> _EXERCISE INSTRUCTIONS_: Copy nothing but the lines running from the one containing "5595 Sheets Road" through the end of the listing below. Drop the pictures.

*** Begin section ***

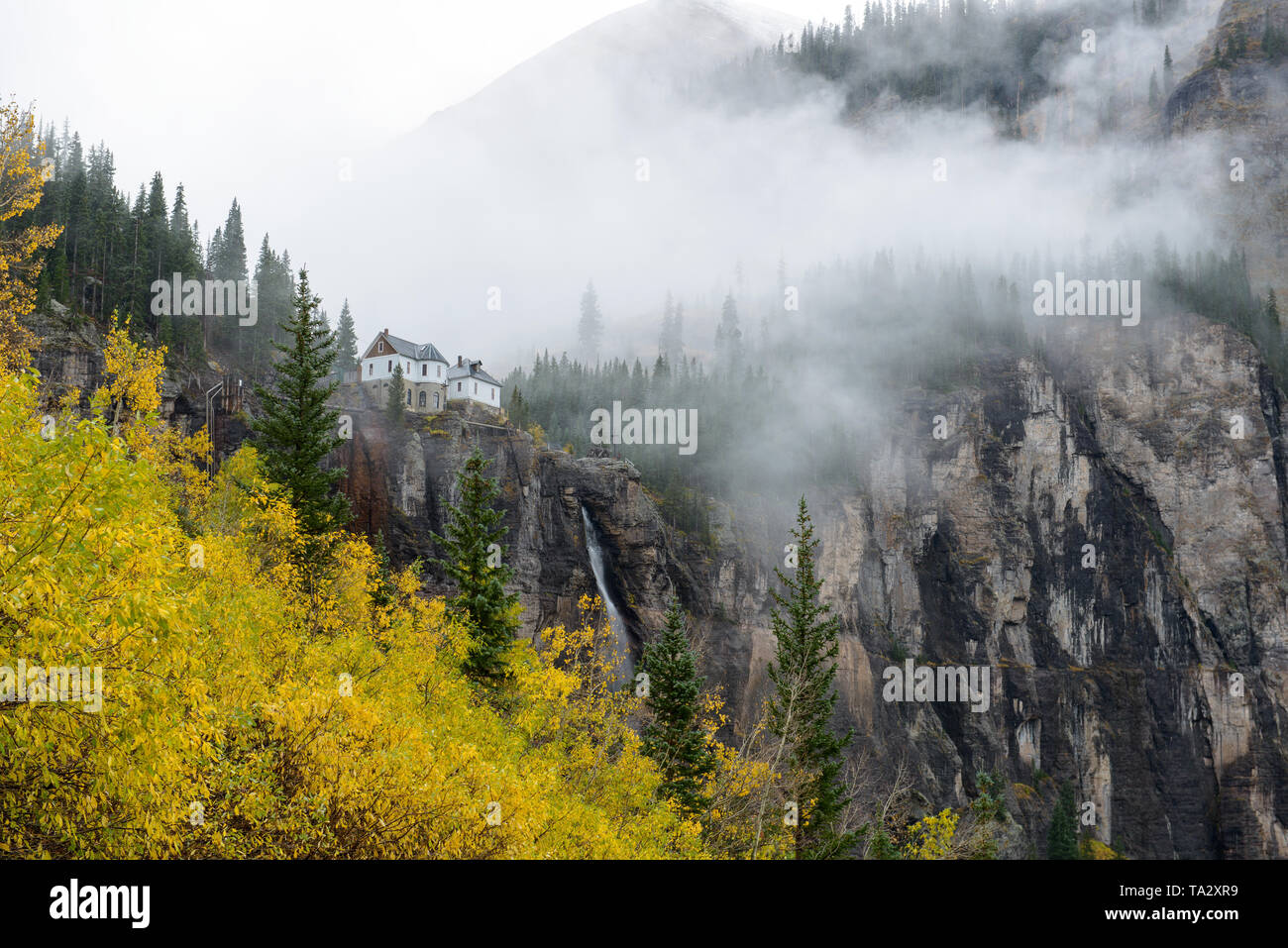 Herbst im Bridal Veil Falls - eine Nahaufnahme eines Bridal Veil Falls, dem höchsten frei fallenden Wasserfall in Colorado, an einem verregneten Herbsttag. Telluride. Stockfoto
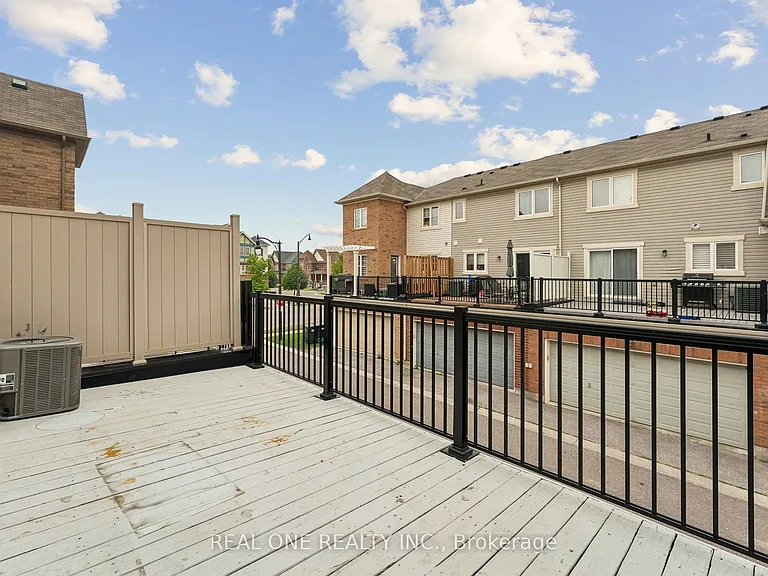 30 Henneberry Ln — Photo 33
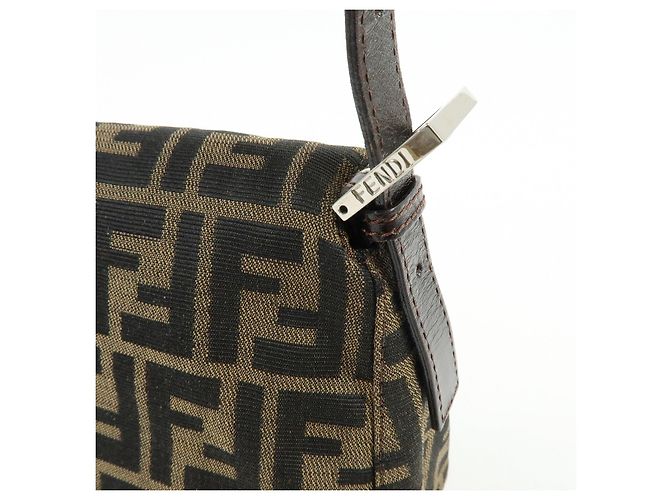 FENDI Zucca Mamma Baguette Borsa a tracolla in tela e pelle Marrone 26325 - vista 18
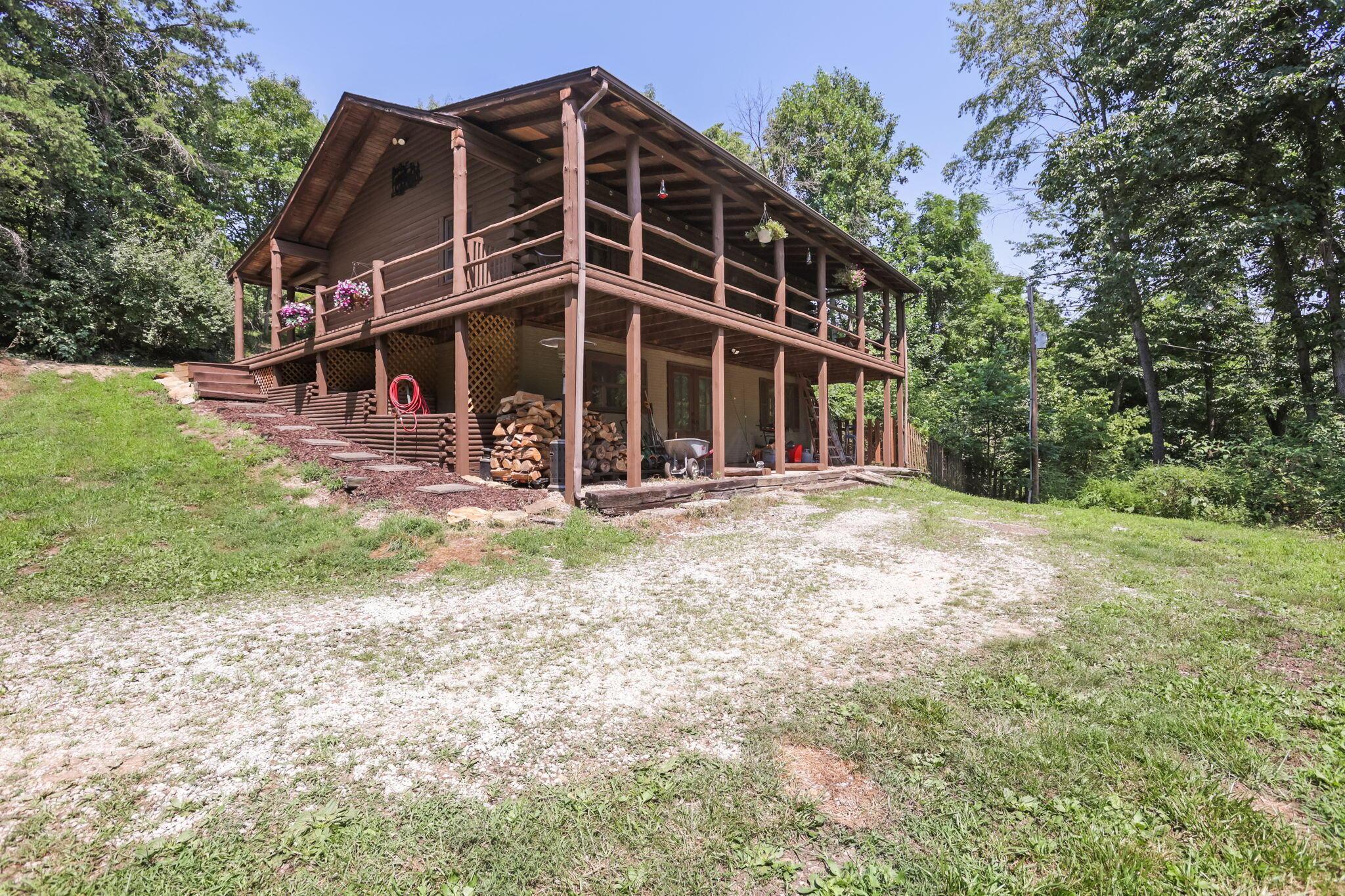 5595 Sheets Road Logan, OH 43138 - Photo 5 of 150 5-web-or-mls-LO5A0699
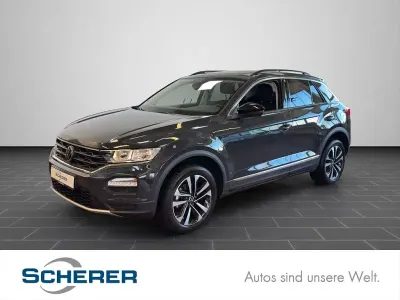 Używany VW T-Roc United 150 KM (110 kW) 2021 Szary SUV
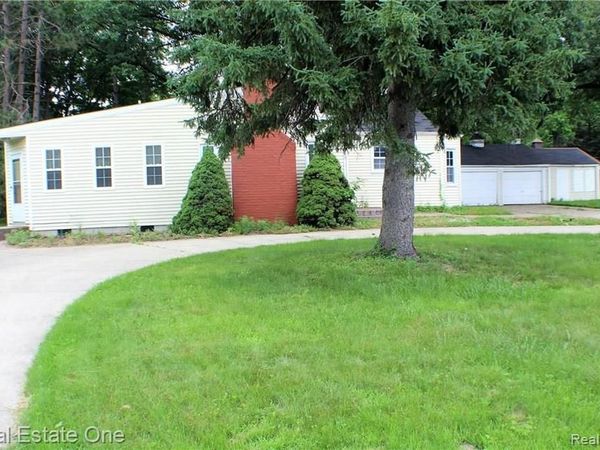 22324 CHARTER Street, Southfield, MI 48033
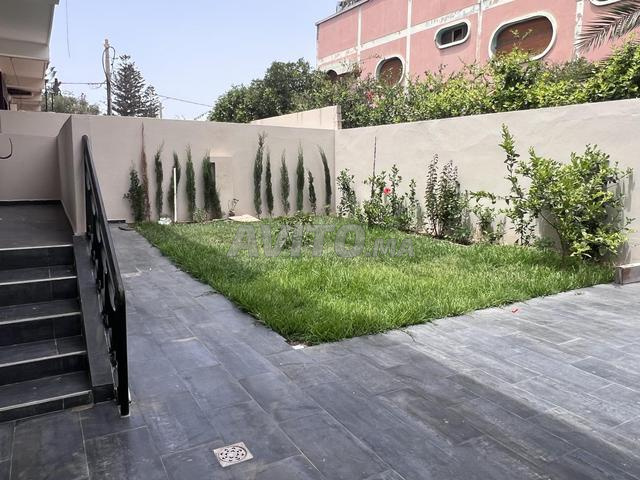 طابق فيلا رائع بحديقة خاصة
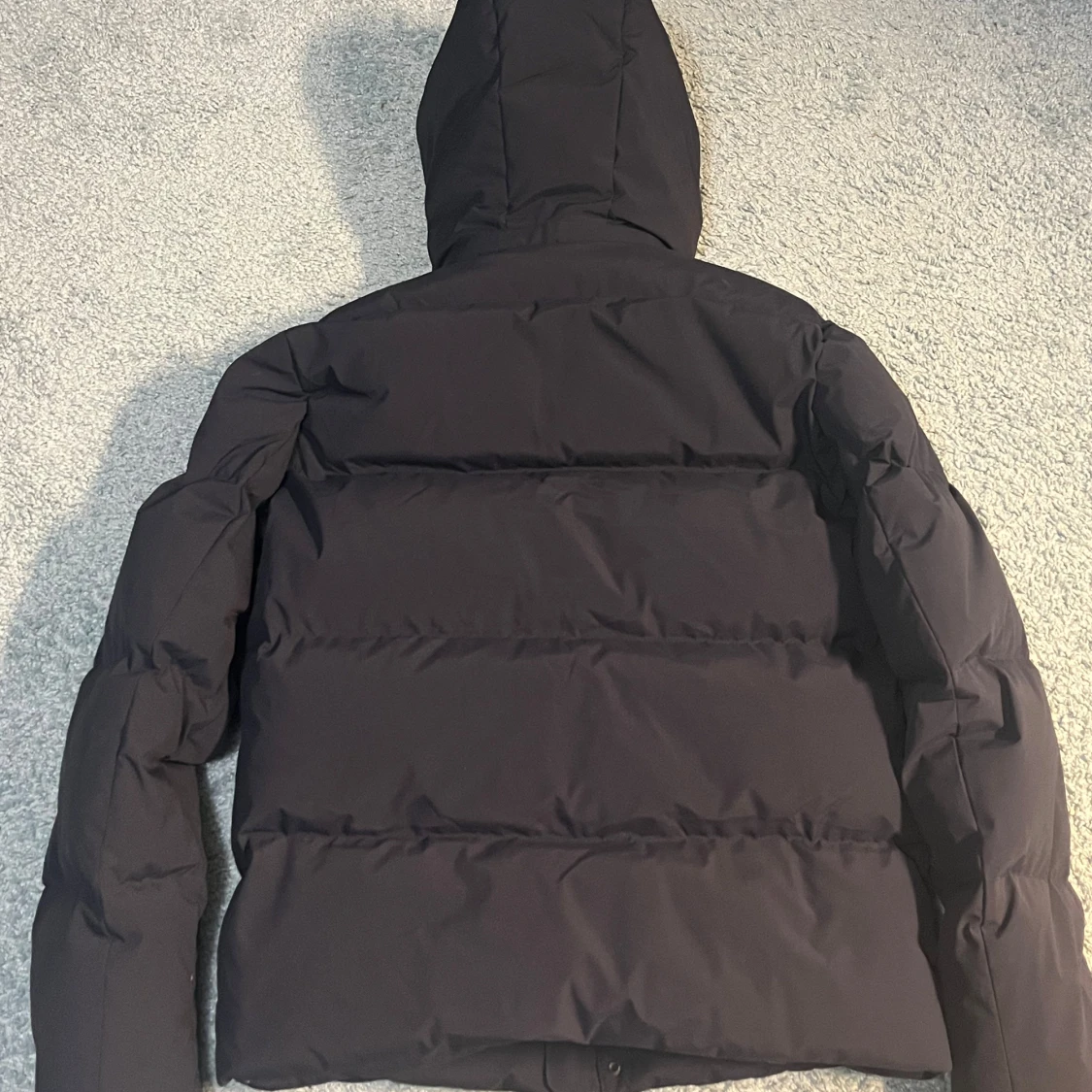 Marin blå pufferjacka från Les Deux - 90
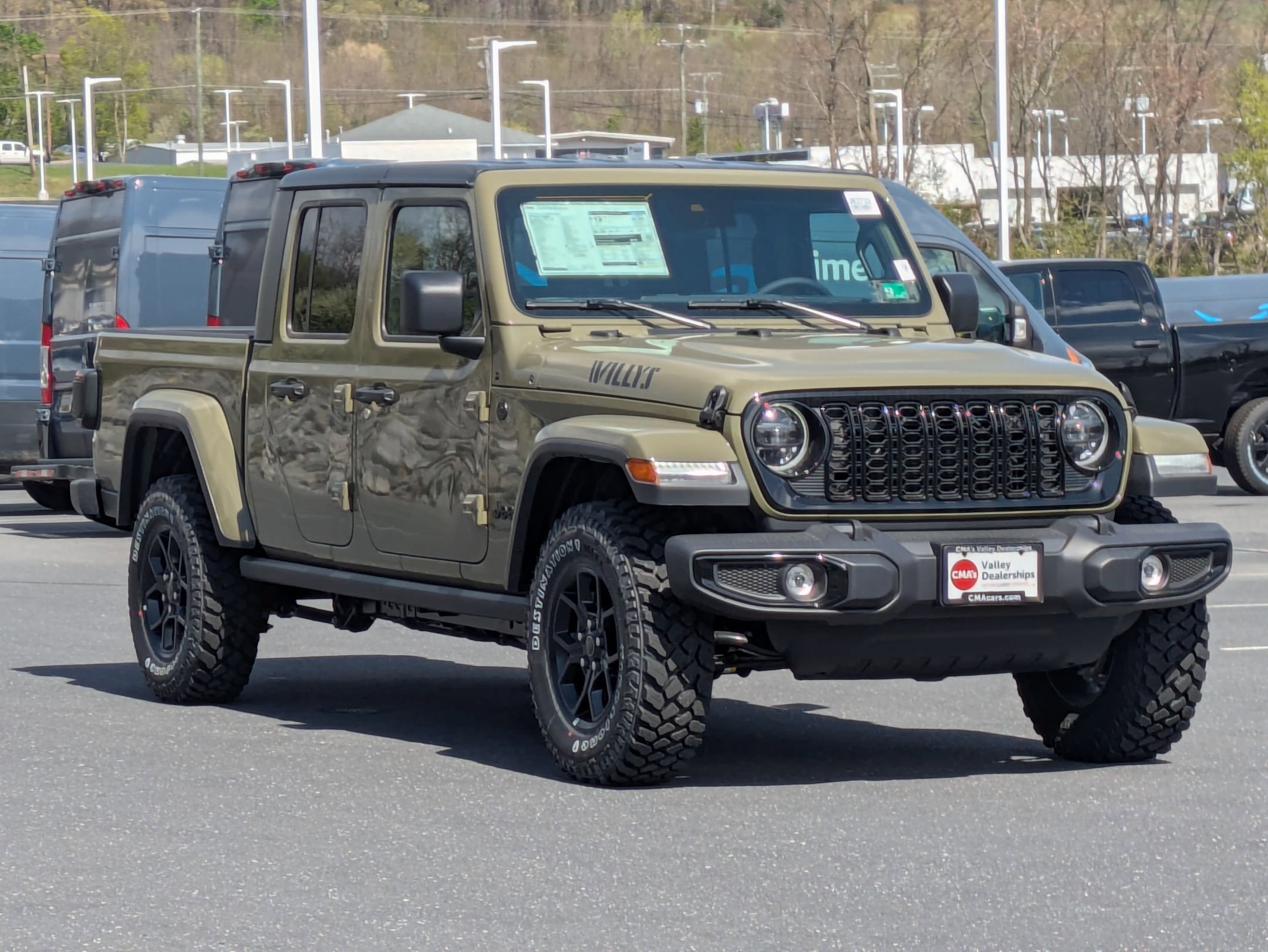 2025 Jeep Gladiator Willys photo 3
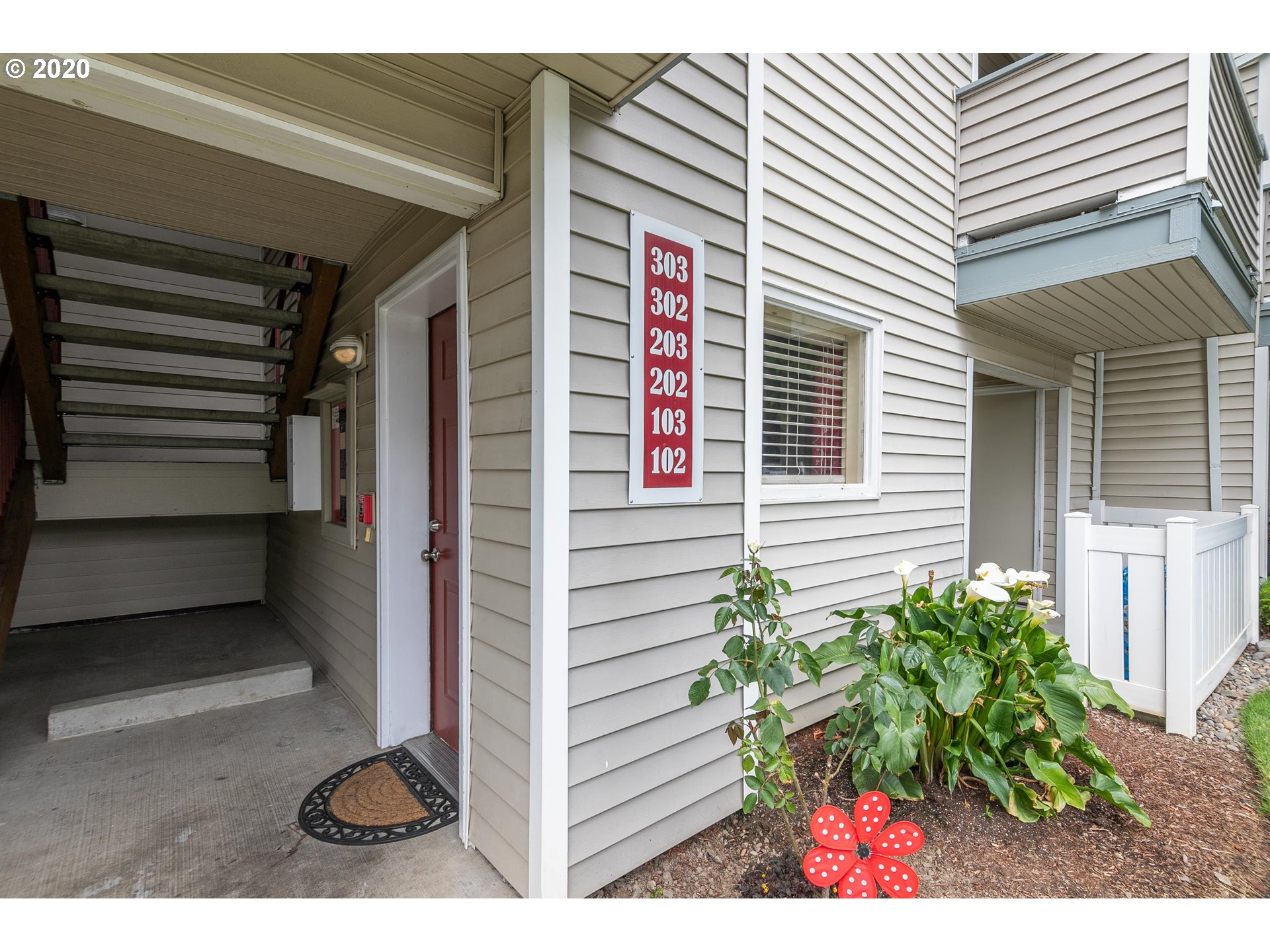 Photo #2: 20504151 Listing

*** End section ***

> _EXERCISE ANSWER_:
 5595 Sheets Road Logan, OH 43138 - Photo 5 of 150 5-web-or-mls-LO5A0699
 Używany VW T-Roc United 150 KM (110 kW) 2021 Szary SUV
 22324 CHARTER Street, Southfield, MI 48033
 طابق فيلا رائع بحديقة خاصة
 Marin blå pufferjacka från Les Deux - 90
 2025 Jeep Gladiator Willys photo 3
 Photo #2: 20504151 Listing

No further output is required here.